What is it?
It’s an Alfa Romeo Giulia Sprint GTA, the history-steeped Italian marque’s fabled touring car. Timelessly styled by Bertone, the GTA’s body was crafted from a new-fangled and very light alloy dreamt up by Alfa’s Servizio Esperienze Carpenteria, comprising aluminium, magnesium, manganese, copper and zinc. Once the magnesium wheels, Perspex windows, aluminium suspension components and lightweight door handles (yes, really) were thrown into the mix, the Giulia Sprint tipped the scales at a mere 740kg, earning the car its Gran Turismo Alleggerita (Italian for lightweight) nomenclature.
The GTA’s weight – or rather lack of – equated to nimbleness. And the legendary 1,570cc twin-spark engine, fed by two twin-barrel Weber carburettors, equated to speed. Alfa’s intentions for the Giulia Sprint was for it to win races. And win races it most certainly did. The factory’s decorated racing outfit Autodelta enjoyed great success with the GTA, clinching European Touring Car Championship (ETCC) titles in 1966, ’67 and ’68. And the factory’s more potent GTA 1300 Junior and GTAm scored a further two ETCC victories in 1970 and ’71.
Maltese hill-climber Leonard Calleja was the original owner of this Alfa Romeo, entering it in several domestic events on the island
Can you tell us about the early history of this particular example?

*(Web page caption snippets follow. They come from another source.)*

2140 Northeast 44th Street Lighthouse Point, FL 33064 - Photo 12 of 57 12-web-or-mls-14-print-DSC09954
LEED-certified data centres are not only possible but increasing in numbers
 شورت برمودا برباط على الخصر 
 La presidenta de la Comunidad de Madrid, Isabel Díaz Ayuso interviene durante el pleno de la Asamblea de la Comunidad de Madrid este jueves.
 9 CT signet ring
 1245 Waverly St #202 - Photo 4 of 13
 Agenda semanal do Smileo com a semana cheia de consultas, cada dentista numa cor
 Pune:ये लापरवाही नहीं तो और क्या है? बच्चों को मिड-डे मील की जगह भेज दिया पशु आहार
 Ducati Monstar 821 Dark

An incredibly rare right-hand-drive Corsa-specification Giulia Sprint GTA, chassis number AR 752661 was delivered new to Autodelta in April of 1965. The car remained with Autodelta until 1968, at which point it was sold to the Maltese hill-climber Leonard Calleja. After entering a number of local hill-climbs, Calleja kept his beloved Alfa Romeo, selling only in 1988 – and to a fellow Maltese islander at that. As was the trend at the time, AR 752661 was upgraded to Group 2 specification.
What happened next?
The West Coast-based Ferrari collector Tom Price acquired AR 752661 in 1989, promptly entrusting the British Alfa Romeo specialist Paul Grist with overseeing the car’s restoration back to authentic pre-1966 specification. The idea had been for Price to race this GTA, though he was forced to sell it before he ever had the chance. The UK-based Alfa Romeo collector Nick Savage was the next lucky custodian. Savage did race this car, receiving its FIA papers in 2003 and contesting the new and fiercely popular U2TC (Under 2-litre Touring Cars) historic championship. A Californian collector by the name of Gary Roberts acquired AR752661 in 2013, who kept it until 2020, when it was bought by its current owner, a prominent figure in the historic racing world.
What can I do with this car today?
The beauty of a Giulia Sprint GTA is that it’s an incredibly versatile and highly eligible car for historic motorsport, both on the road and the racetrack. Peter Auto’s Heritage Touring Cup is a fantastic and very competitive series encompassing the greatest racetracks across Europe, while the popular Under Two Litre Touring Car (U2TC) championship serves keen historic drivers in the United Kingdom. Naturally, the hotly-contested St. Mary’s Trophy at the Goodwood Revival would be the most memorable stage on which to enjoy this Alfa Romeo. If you’re more interested in competitive road-rallying, both the Modena Cento Ore in Italy and the Tour Auto Optic 2000 in France would welcome this GTA with open arms.
Sell it to me in a sentence…
Here is an utterly beautiful 1960s Italian touring car with the rarity and historical provenance to render it incredibly eligible in a wide range of prestigious historic motorsport events and the driving characteristics to be every bit as enjoyable on a stolen Sunday B-road blast.